# REQUIREMENT
Give back every record exactly, images excluded.

(Crawled caption data)
• • • • • • •

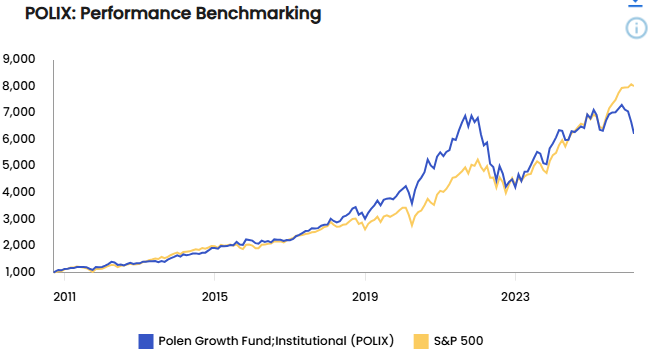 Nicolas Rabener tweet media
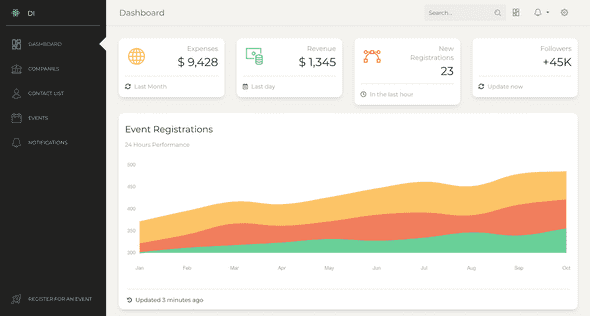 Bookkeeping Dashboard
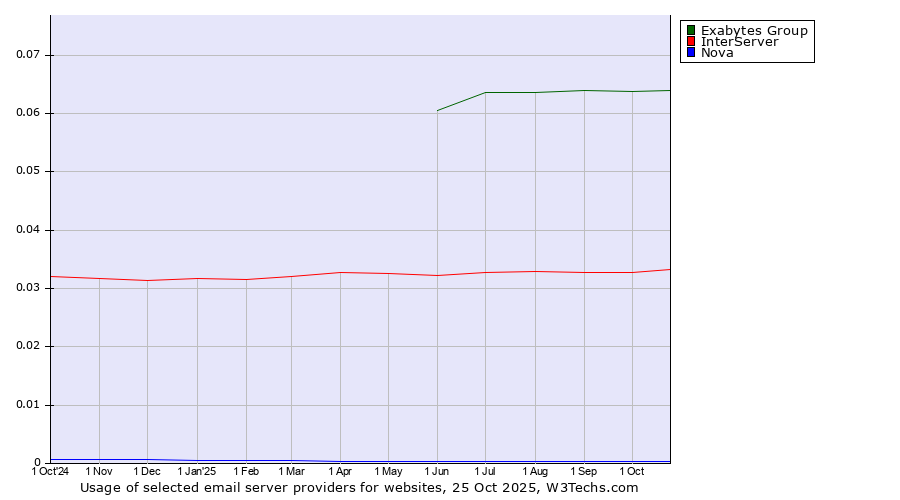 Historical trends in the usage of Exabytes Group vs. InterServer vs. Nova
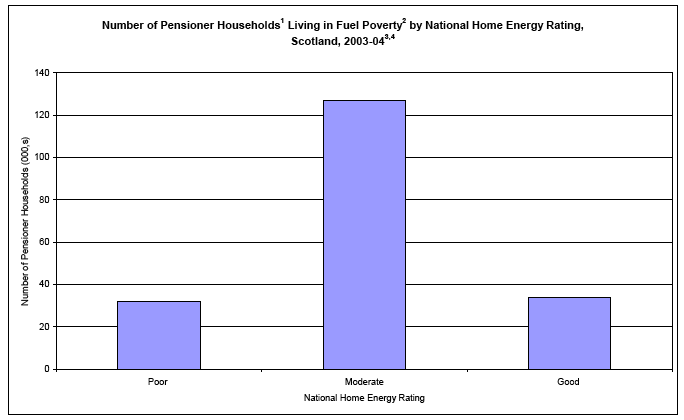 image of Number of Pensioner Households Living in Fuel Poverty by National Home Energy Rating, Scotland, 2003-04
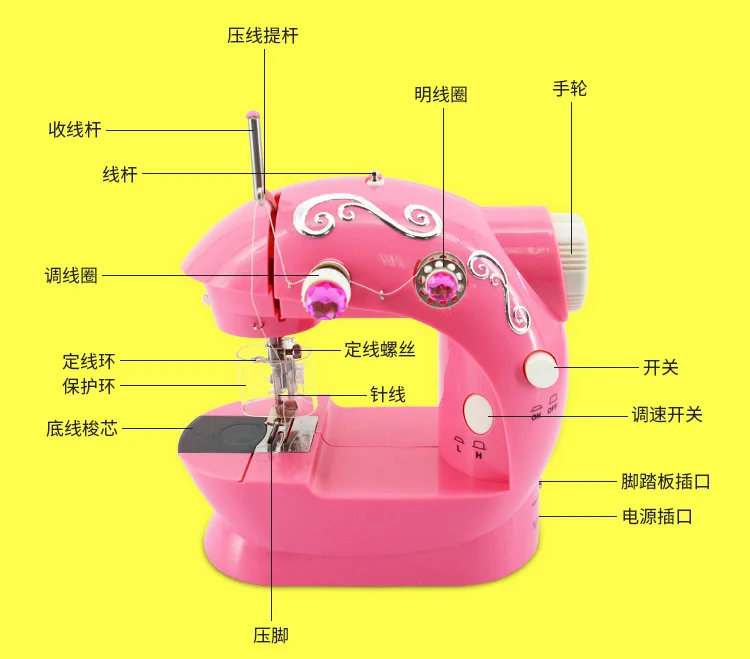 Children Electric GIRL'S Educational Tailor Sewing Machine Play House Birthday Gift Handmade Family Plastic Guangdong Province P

• • • • • • •

# PROBLEM SOLUTION
 Nicolas Rabener tweet media
 Bookkeeping Dashboard
 Historical trends in the usage of Exabytes Group vs. InterServer vs. Nova
 image of Number of Pensioner Households Living in Fuel Poverty by National Home Energy Rating, Scotland, 2003-04
 Children Electric GIRL'S Educational Tailor Sewing Machine Play House Birthday Gift Handmade Family Plastic Guangdong Province P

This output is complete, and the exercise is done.